### THE PROBLEM
All that belongs in the answer is the lines from the one containing "Диагностический интерфейс INPA" to the end of the listing below, copied exactly, pictures excluded.

----- DATA FOR THE TASK

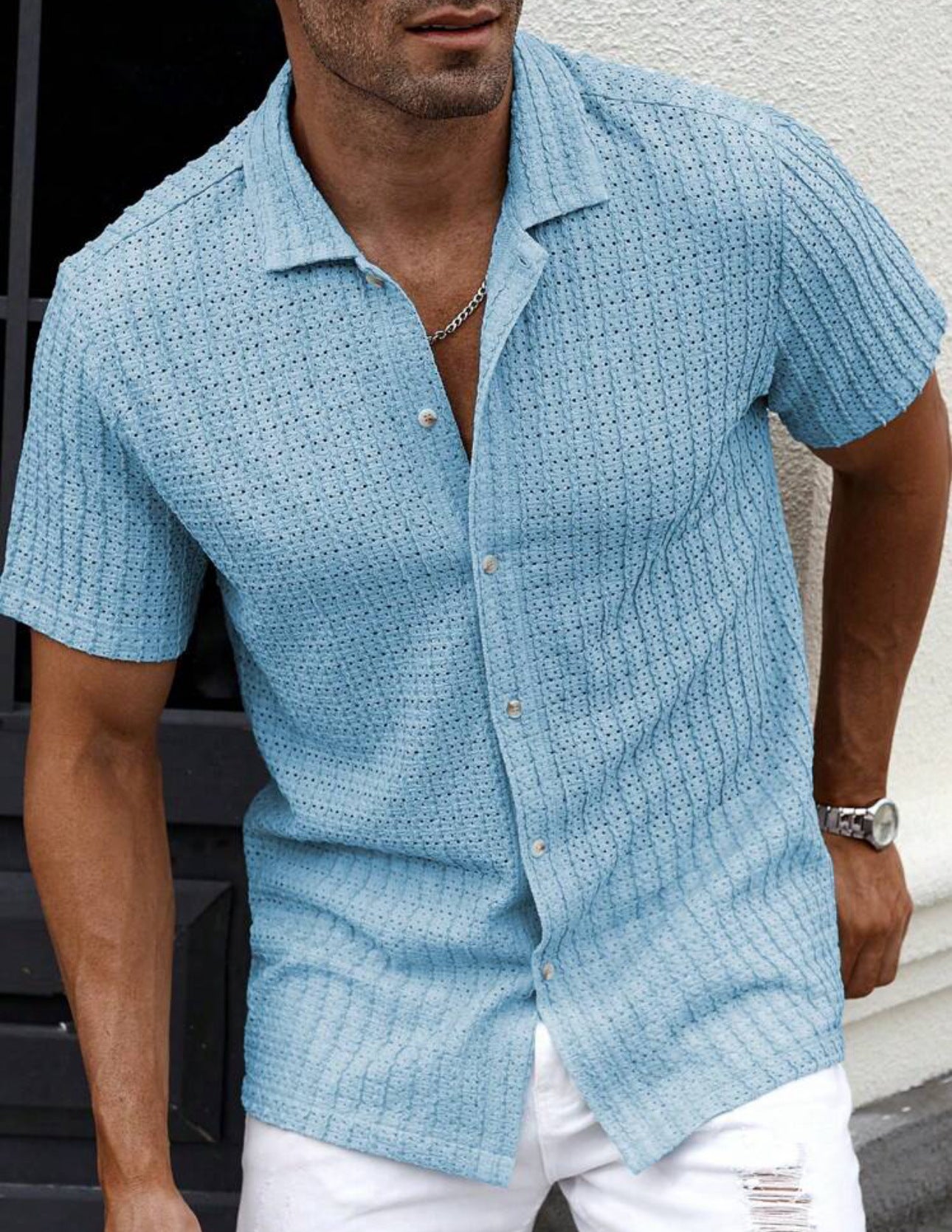 Chemise en lin homme à manches courtes, coupe ajustée 11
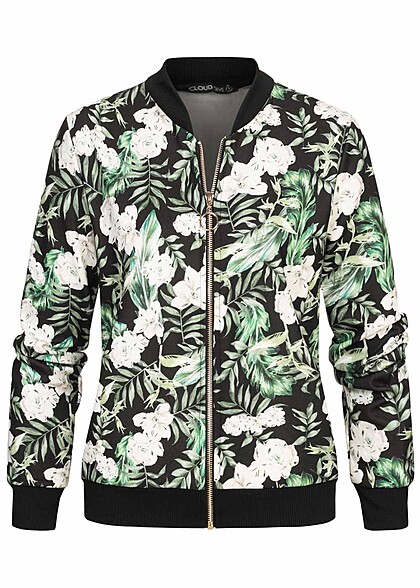 Cloud5ive Dames Bomberjack blouson met bloemenprint zwart - Art.-Nr.: 23056014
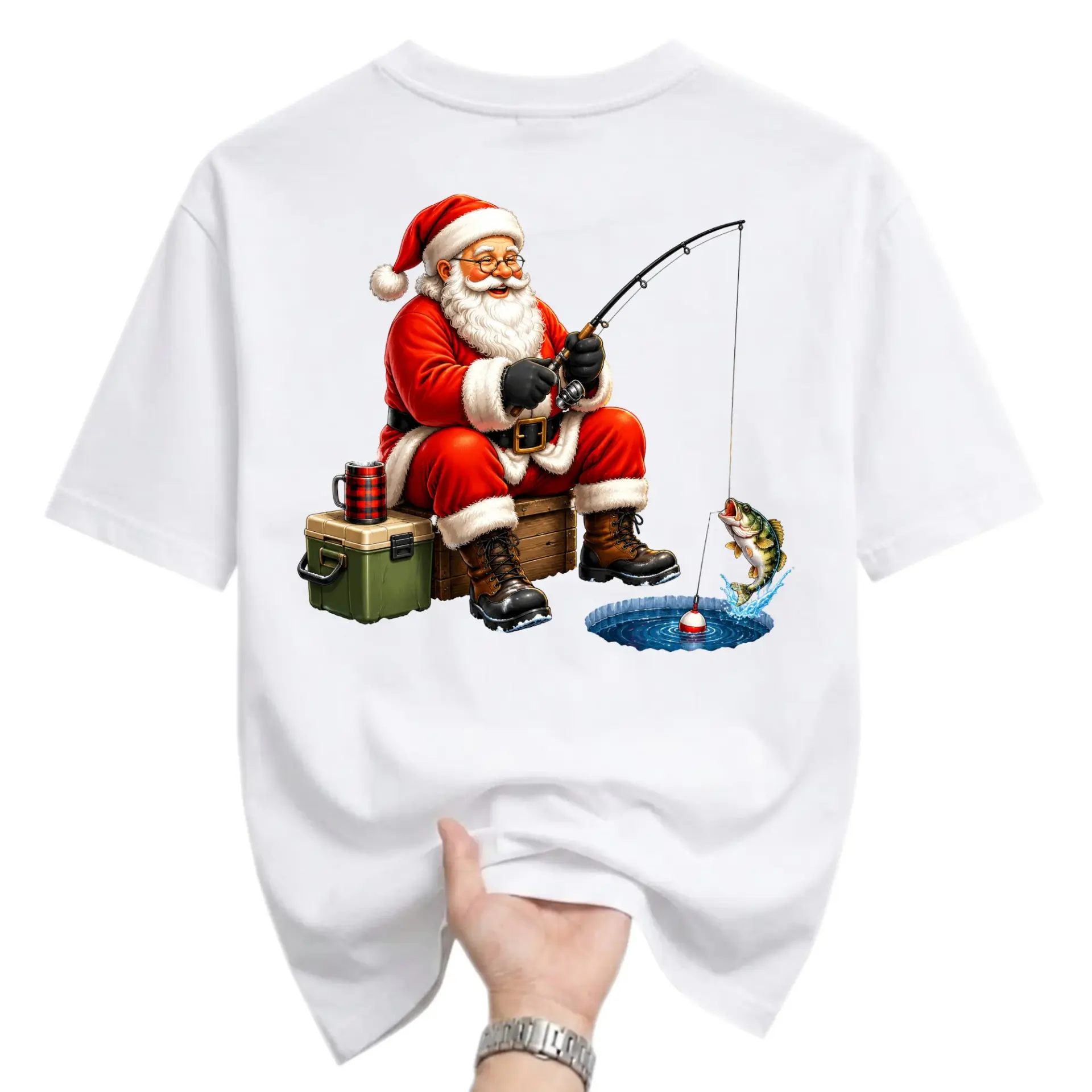 Funny Shirt Fishing Santa Graphic Tee Holiday Fisherman Gift Unisex Casual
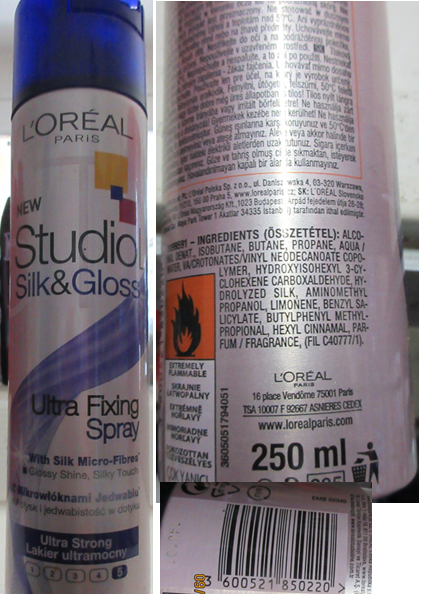 Nebezpečný výrobek L’ORÉAL PARIS, NEW Studio Silk & Gloss, Ultra Fixing Spray, Ultra Strong 1 Hlavni foto 47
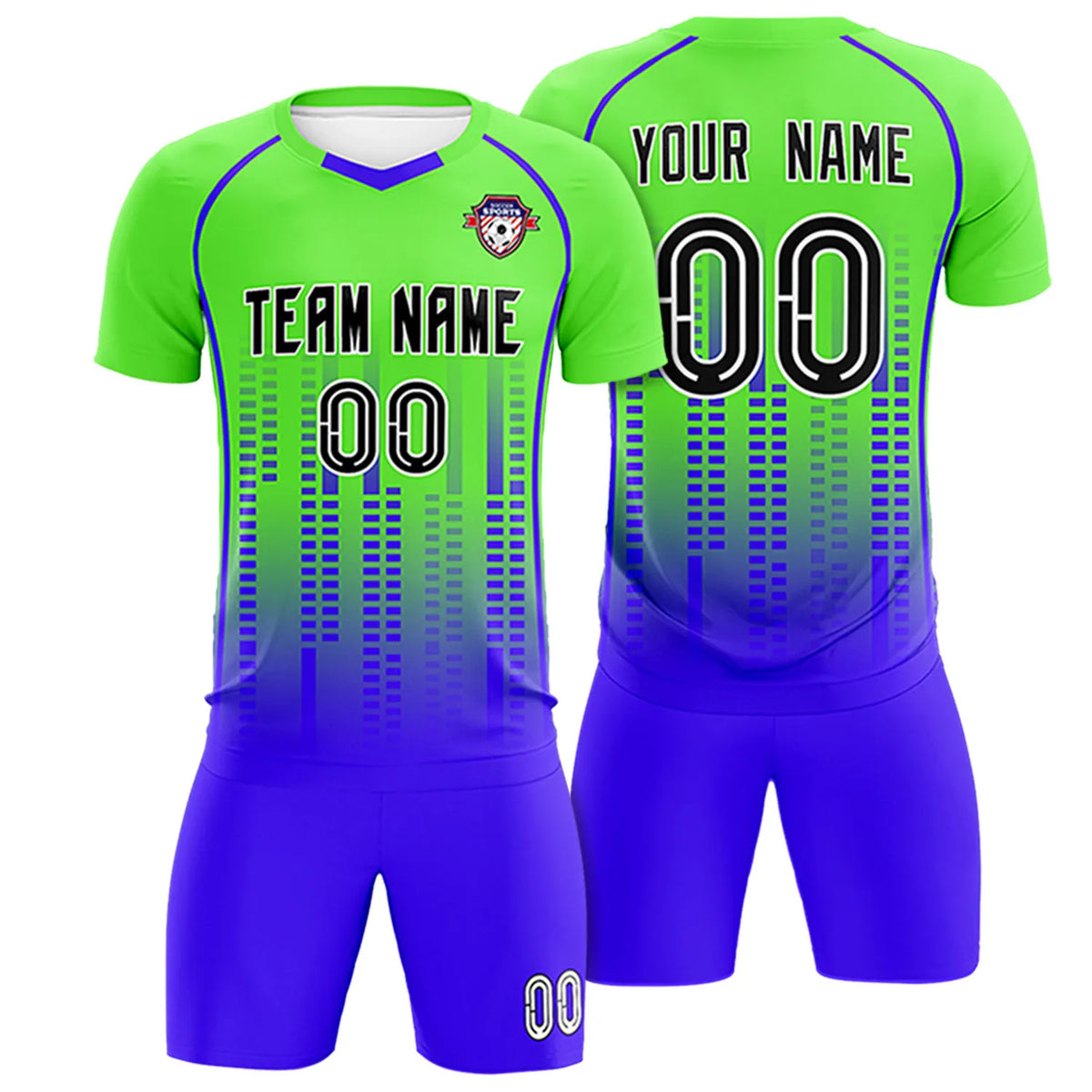 Custom Neon Green-Blue Printing Outdoor Tracksuit Soccer Sets Jersey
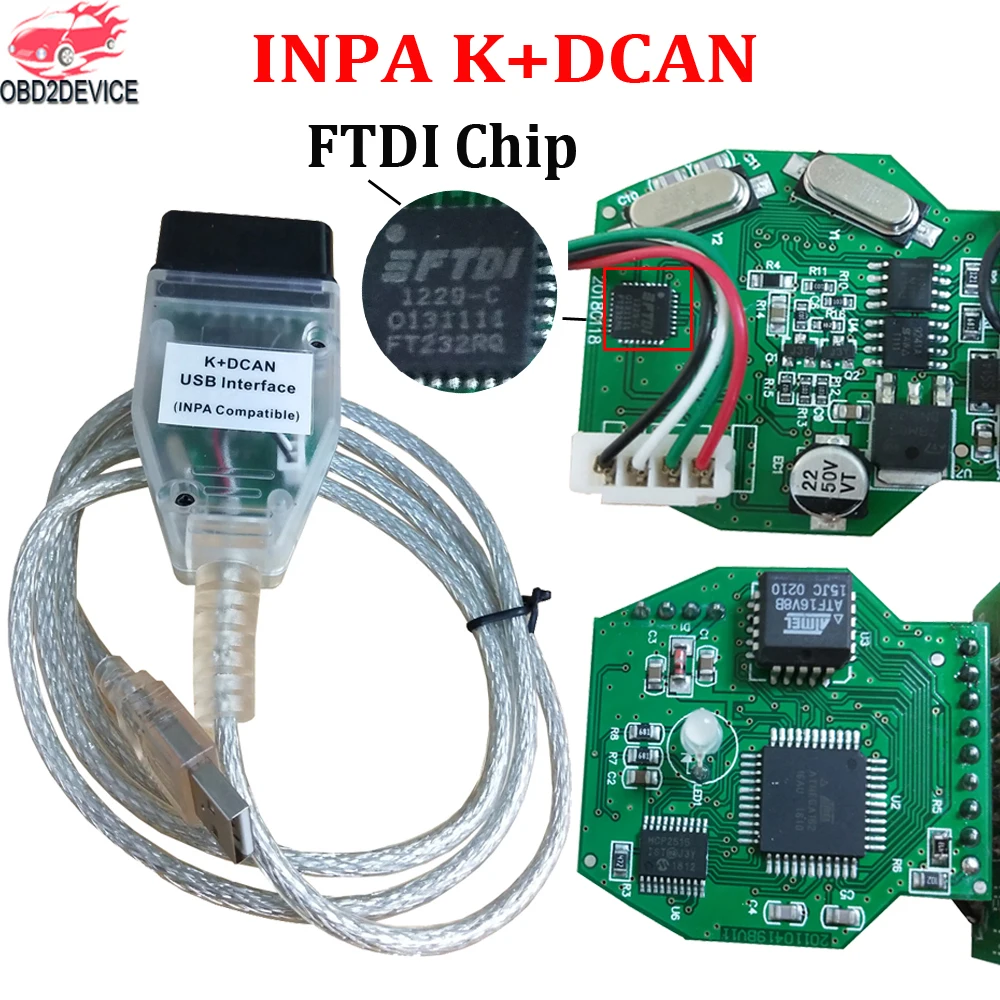 Диагностический интерфейс INPA K + DCAN USB OBD2 лучшего качества для BMW с чипом FDTI inpa |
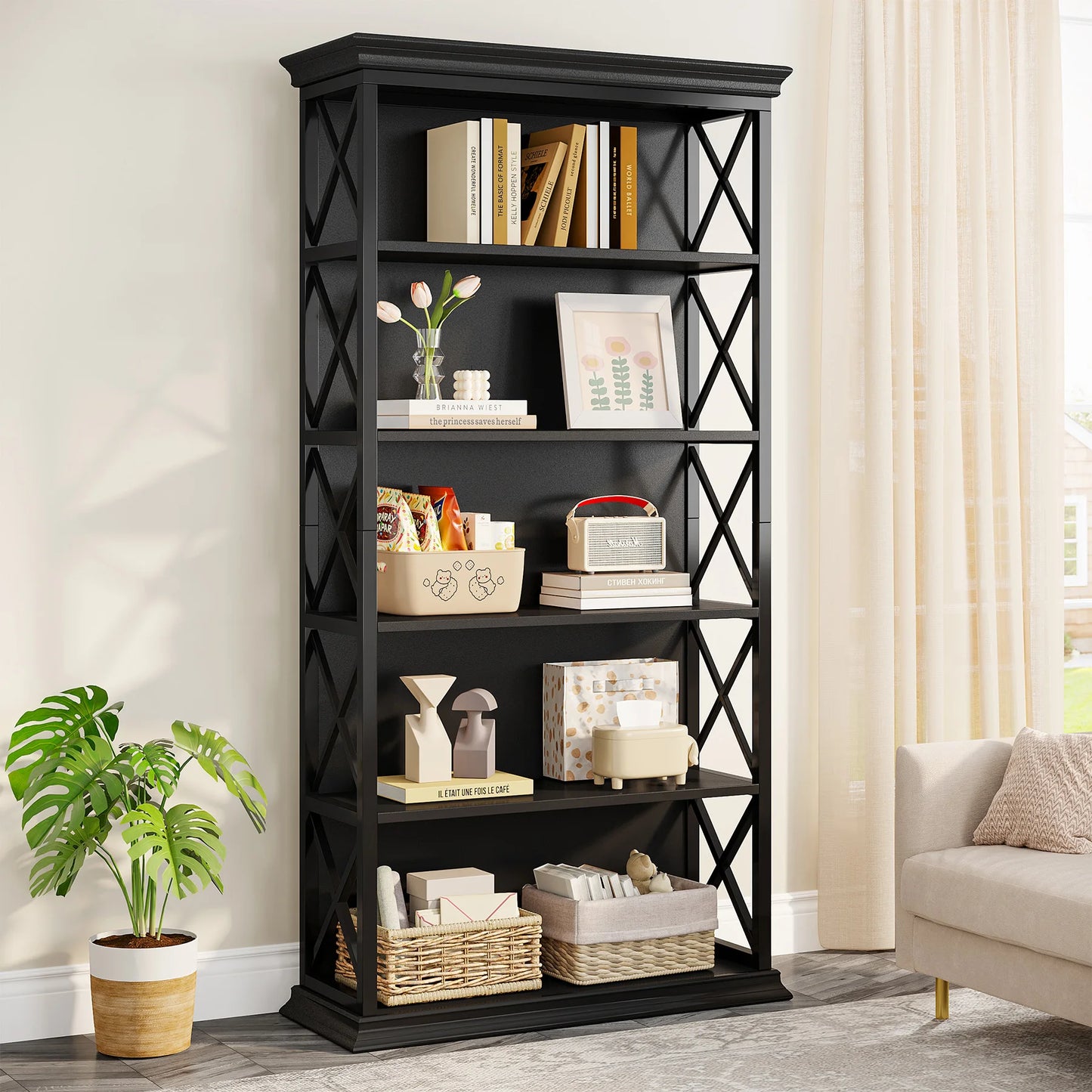 71" Tall Bookshelf with 5 Shelf Display Storage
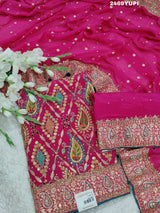 KcPc New Chinon Silk Traditional Style With Cutdana Tari work Suit CSA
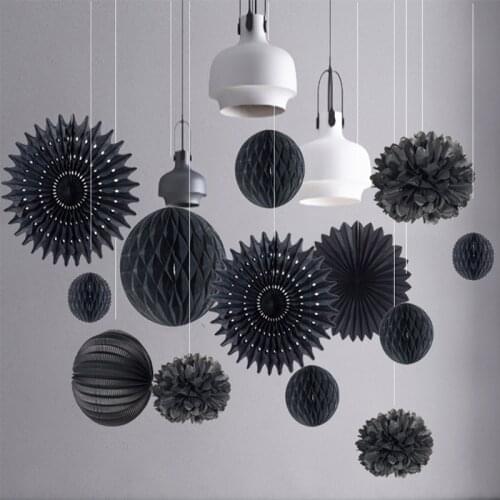 12pcs Black Birthday Party Decorations Set Paper Fans/Lanterns Pom Pom Honeycomb Ball Wedding Party Supplies Home Decorations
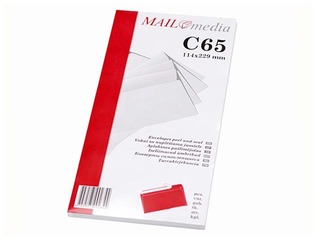 Envelopes with adhesive tape, C65, 50 pcs. White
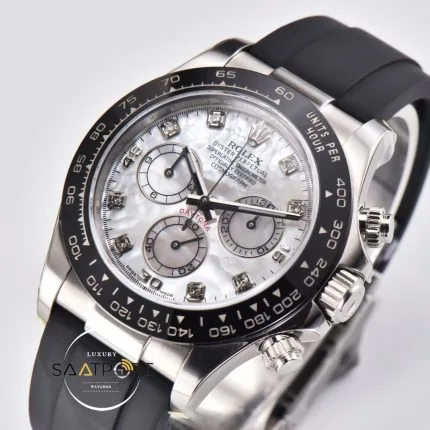 Rolex Daytona 4130 Clean Factory 40 mm Desenli Taşlı Kadran Super Clone ETARolex Daytona 4130 Clean Factory 40 mm Desenli Taşlı Kadran Super Clone ETA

----------

### SOLUTION TO THIS PROBLEM
 Диагностический интерфейс INPA K + DCAN USB OBD2 лучшего качества для BMW с чипом FDTI inpa |
 71" Tall Bookshelf with 5 Shelf Display Storage
 KcPc New Chinon Silk Traditional Style With Cutdana Tari work Suit CSA
 12pcs Black Birthday Party Decorations Set Paper Fans/Lanterns Pom Pom Honeycomb Ball Wedding Party Supplies Home Decorations
 Envelopes with adhesive tape, C65, 50 pcs. White
 Rolex Daytona 4130 Clean Factory 40 mm Desenli Taşlı Kadran Super Clone ETARolex Daytona 4130 Clean Factory 40 mm Desenli Taşlı Kadran Super Clone ETA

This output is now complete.